In mid-1916 the first Brandenburg B.I was delivered, this was the only aircraft specifically designed as a trainer in Austria-Hungary during WWI. The Fischamend company kept improving the design until almost the end of the war. Originally powered by teh Mercedes 100hp, it was later to use rebuilt Daimler or Hiero engines as new builds were required for frontline aircraft. Due to a lack of foresight, Fischamend neglected to provide enough spare parts for the B.I, and in the summer of 1917, 70% of them were grounded due to lack of parts.
Postwar the Brandenburg B.I(Fd) was used by the fledging air services of many eastern countries, it was even built in Poland, Hungary and Czechoslovakia. Many were still flying as late as 1938.
The fuselage is cast in a single piece with a hole through the cockpit and another one for the engine. the cockpit opening can possibly stand some additional thinning on the sides as it is a nice, straight opening through to the bottom. The underside is to be covered by a plug which is shaped to conform to the bottom curvature. The lower wings in turn attach to this plug.
The wings have a thin trailing edge and have separate ailerons for the upper wing. Tail surfaces are of the same quality. There are a few air holes on the trailing edge of one of the elevators, but that seems to be the only blemish to this kit that I can find.
Other parts provided include: Seats, struts, propellor, wheels, skis, cylinders to a 100hp Mercedes D.I engine, fuel tank, auxillary fuel tank, radiator. No armament is included as it was a trainer. The skis are a nice touch and will open up some interesting diorama possibilities.
Four lengths of brass strut material is also included for the interplane struts.
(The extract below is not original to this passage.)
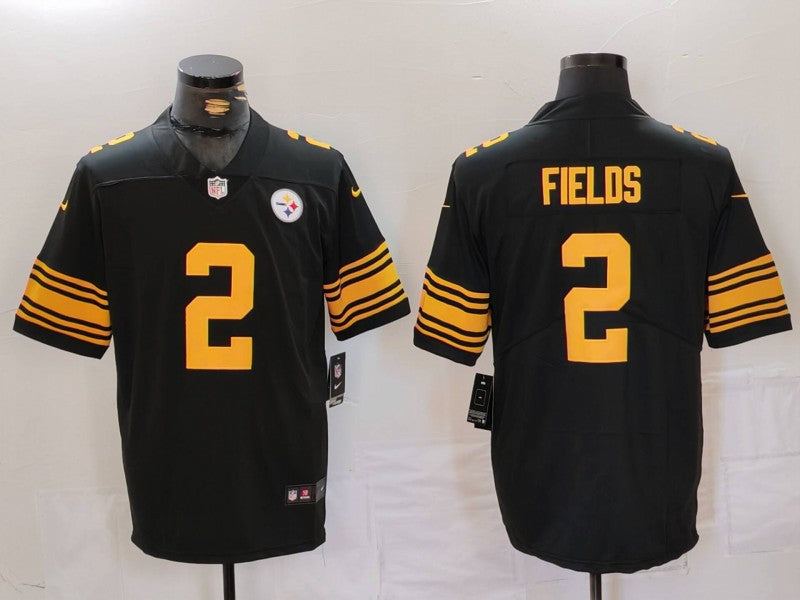 Men's Pittsburgh Steelers Justin Fields Black Game Jersey football jersey product view 1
Care should be taken when measuring these as they are angled inwards when viewed from the front.
Decals are included for two aircraft. B.I(Fd) 176.54 of Flek 17 in July 1917 and B.I(Fd) 76.95 fitted with skis for winter service.
Instructions consist of a three view drawing showing and an exploded parts placement drawings.
I've said it before and I'll say it again. I like RVHP kits. The are well molded and offer an excellent starting point for any kit they provide a model of. The only thing that ever looks like it needs work is widening of the cockpit interior so that it appears to be more than a vertical slot.